Alternatives Considered

  1. PR-based native severity gate (GitHub's "code scanning results" required check with a severity threshold on PRs). Stronger and zero custom script — but it gates pull requests, and Karmyq currently deploys via direct push to master (see deploy workflow). Adopting it would mean reworking the branching model. Recorded as the preferred future option; deferred this sprint. The custom poll-gate fits the current direct-push flow.
  2. Dial the threat model back to remote to shrink the board from 386 to a smaller, mostly-remote-exploitable set.
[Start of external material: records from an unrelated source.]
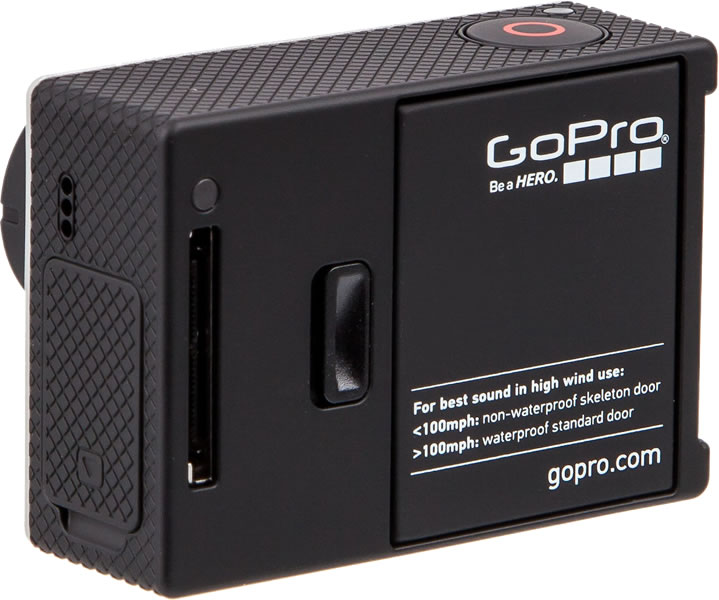 GoPro HERO Caméra embarquée étanche 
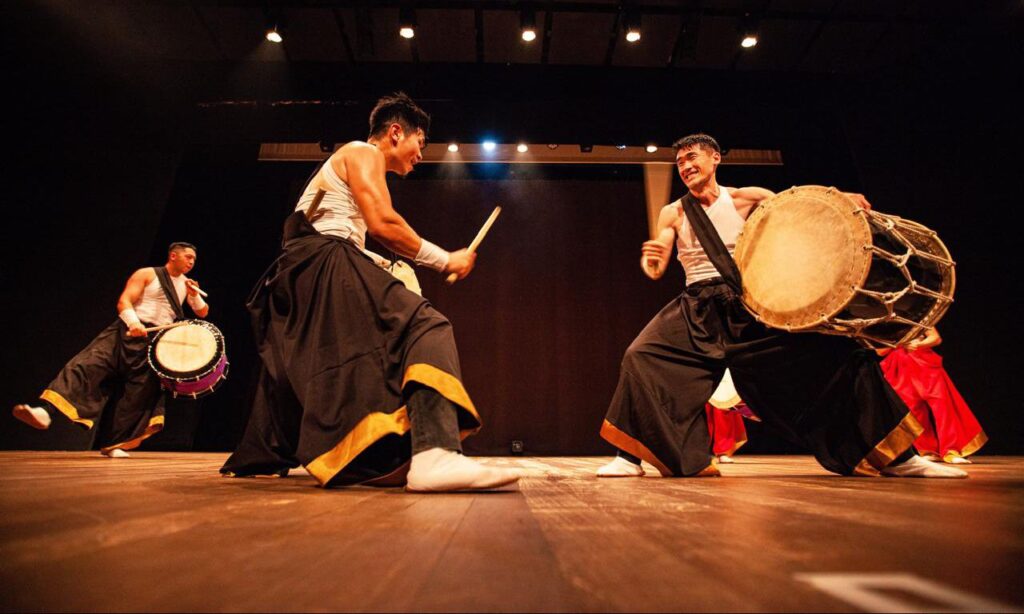 Teatro e cultura japonesa em destaque entre as atrações desta semana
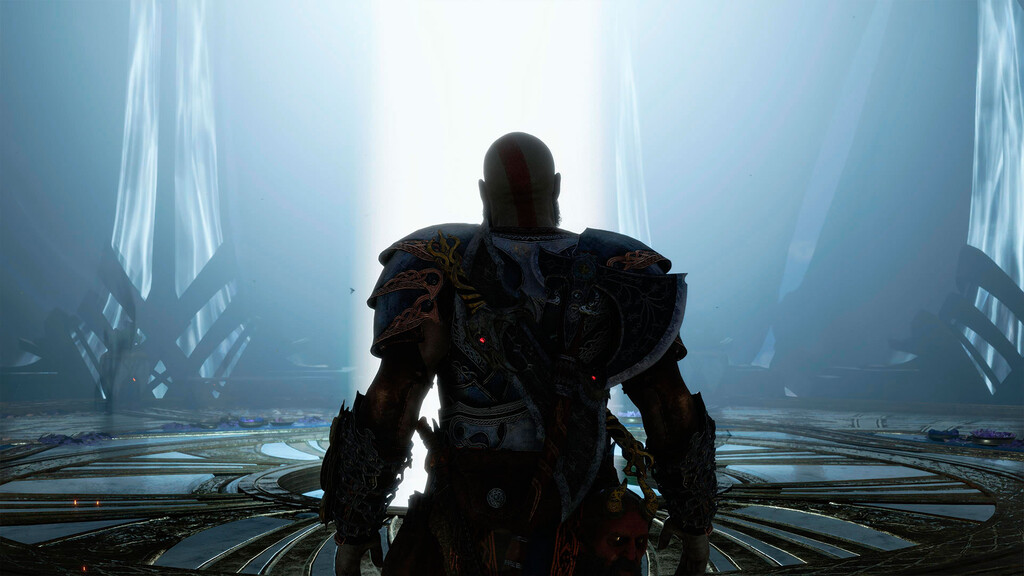 ¿Qué hacer al acabar God of War Ragnarök? Misiones, eventos y diálogos secretos, desafíos y más ¿Qué hacer al acabar God of War Ragnarök? Misiones, eventos y diálogos secretos, desafíos y más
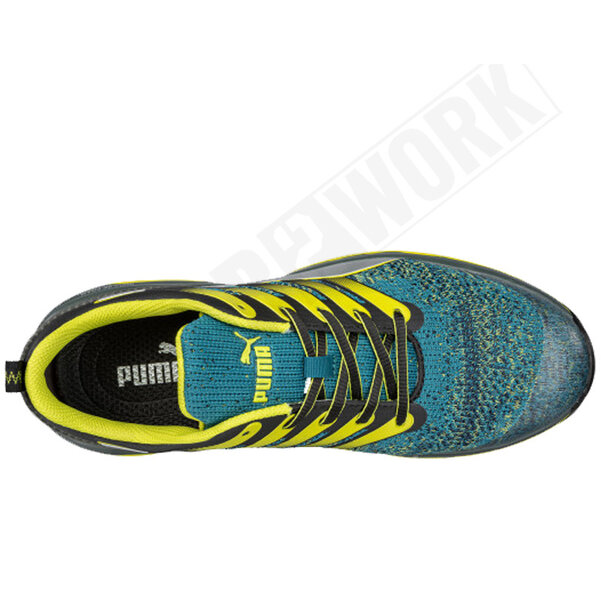 Puma werkschoenen S1P SRC ESD 64452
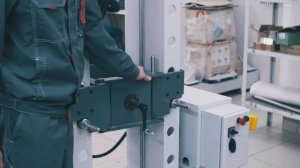 Пресс для сборки карданных валов ГОЛИАФ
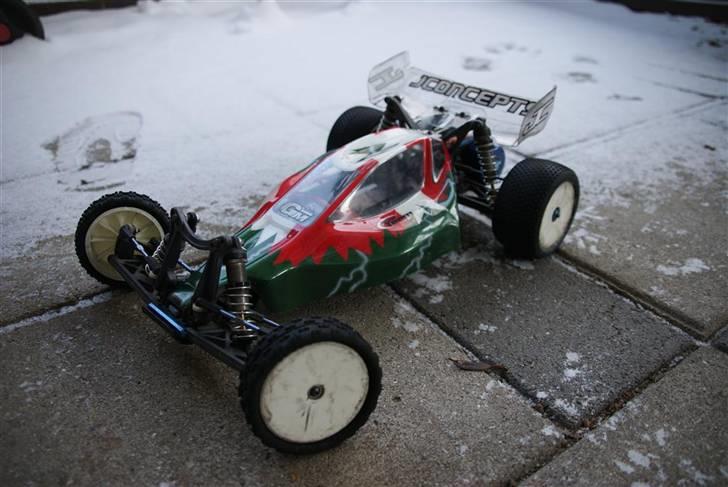 Buggy Associated B4 FT billede 2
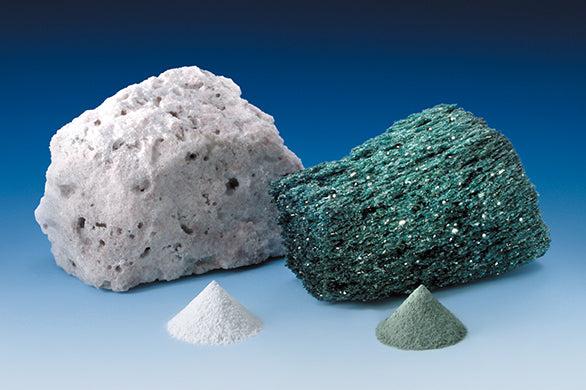 Image of Seeking Customers for White Fused Alumina and Silicon Carbide Powder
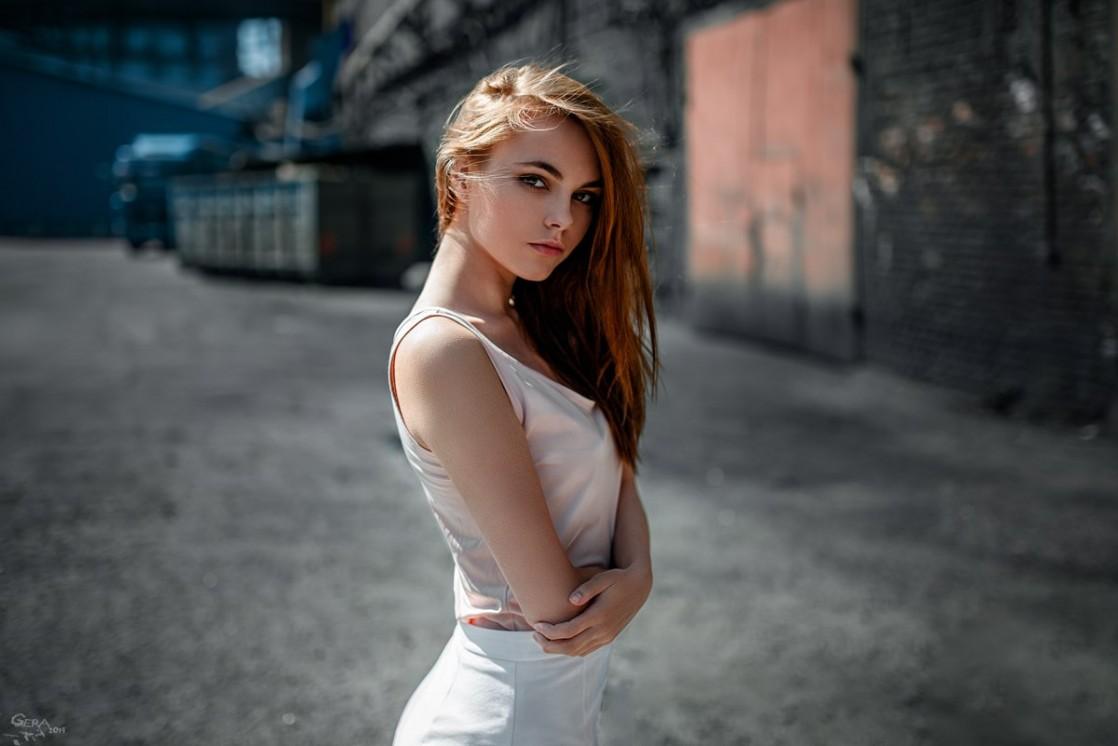 Oktyabrina Maximova- 俄罗斯美人私房写真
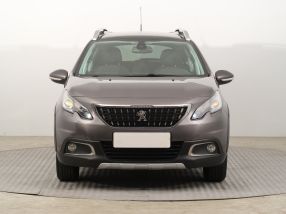 Peugeot 2008 - 2017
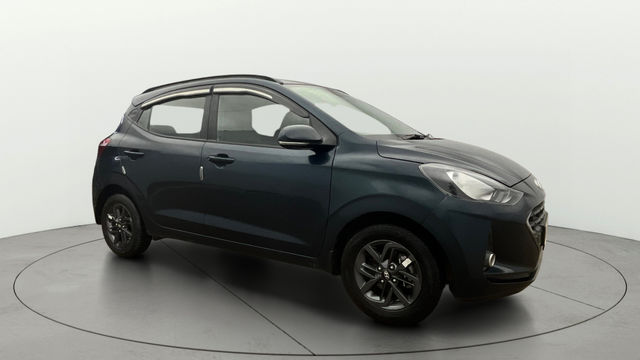 Hyundai Grand i10 Nios स्पोर्टज़ सीएनजी Second-hand 2022 Hyundai Grand i10 Nios स्पोर्टज़ सीएनजी for sale in Ghaziabad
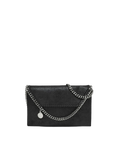 Falabella Wallet Crossbody Bag - Black/Silver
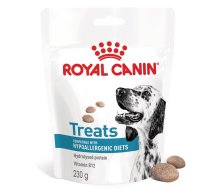 ROYAL CANIN Dog Hypoallergenic Treats - dog treat - 230g | DLPROYPRZ0002 | 3182551063370 | DLPROYPRZ0002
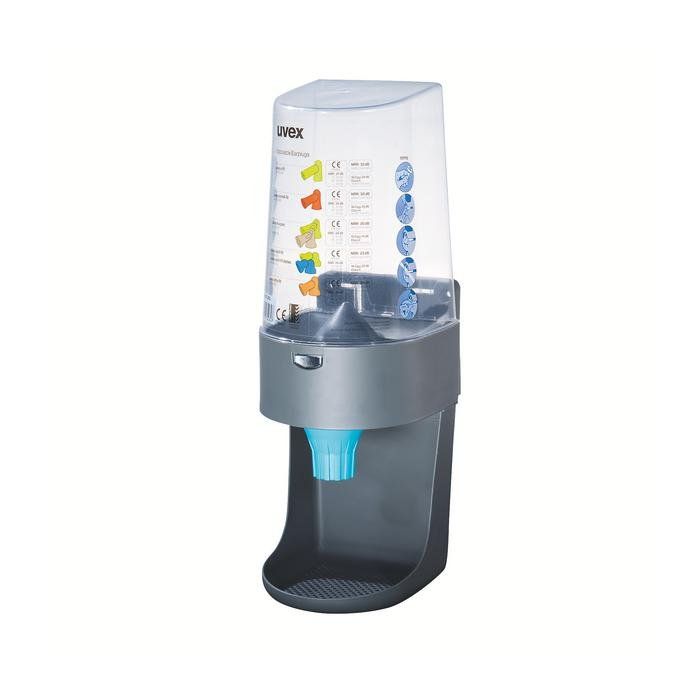 uvex 2112000 earplugs dispenser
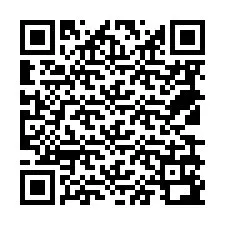 Código QR para número de teléfono +48539192891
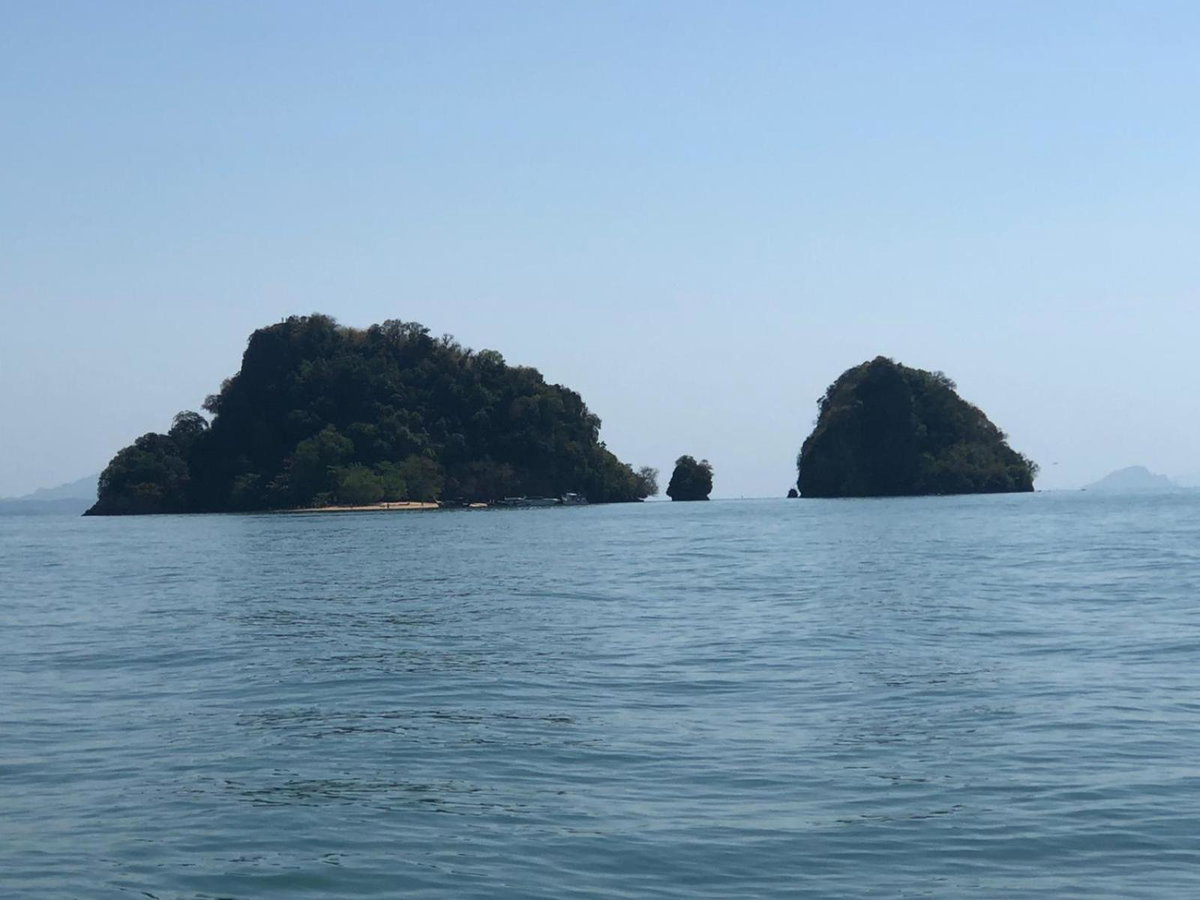 Antonio's Ko Yao Noi, Thailand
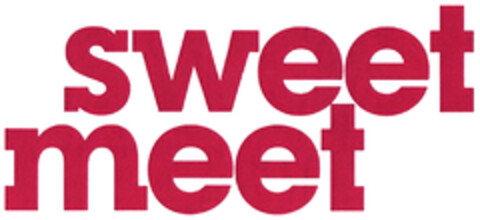 sweet meet Logo (DPMA, 12/01/2022)
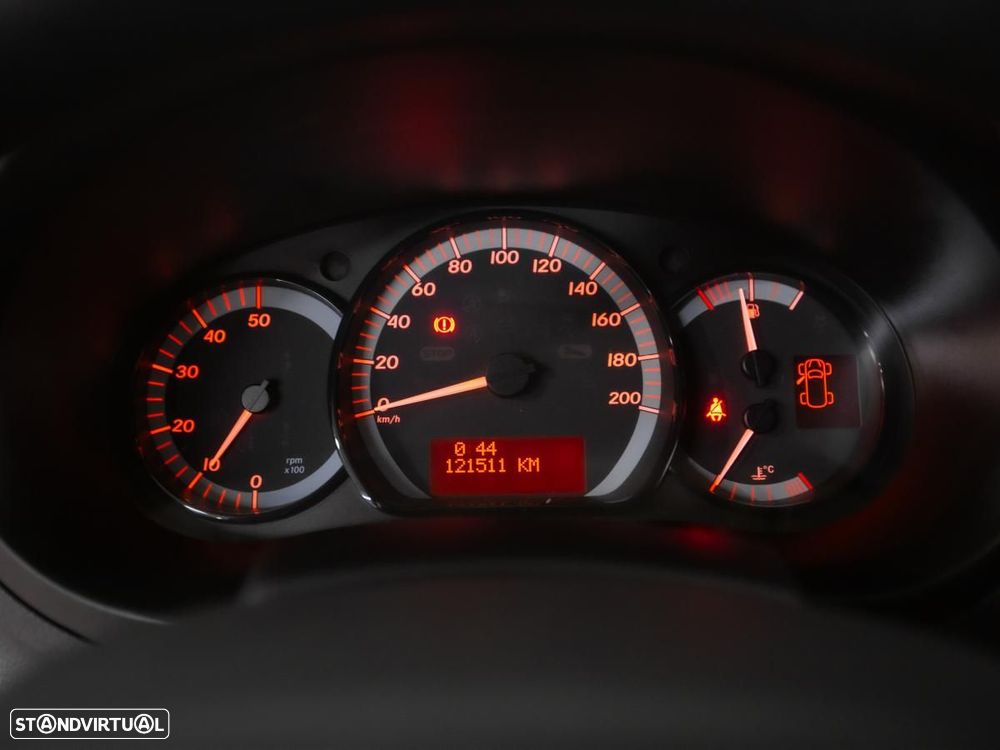 Mercedes-Benz Citan 109 CDi/27 4d 90hp (c/iva) - 12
Rejected for this sprint: with public release imminent, maximum coverage + full triage was preferred over a quieter board.
  3. Advanced-setup codeql.yml workflow. Rejected — conflicts with default setup, and default setup already gives autobuild + managed query packs.

Consequences

Positive

  • Code-scanning debt can no longer silently accumulate; the board is at 0 open critical/high and stays there or CI goes red.
  • Coverage is now security-extended + remote_and_local — substantially deeper than the prior default.
  • Every dismissal carries an auditable written justification.

Negative / trade-offs

  • The aggressive config produces more false positives (350 fixed-host request-forgery), which is ongoing triage cost. Mitigated by the per-class justifications (future occurrences of the same pattern are quick to dismiss by reference).
  • The poll-gate fails open on a missing analysis — a (narrow) window where a push could deploy before analysis completes. Accepted, and documented; the next push re-evaluates.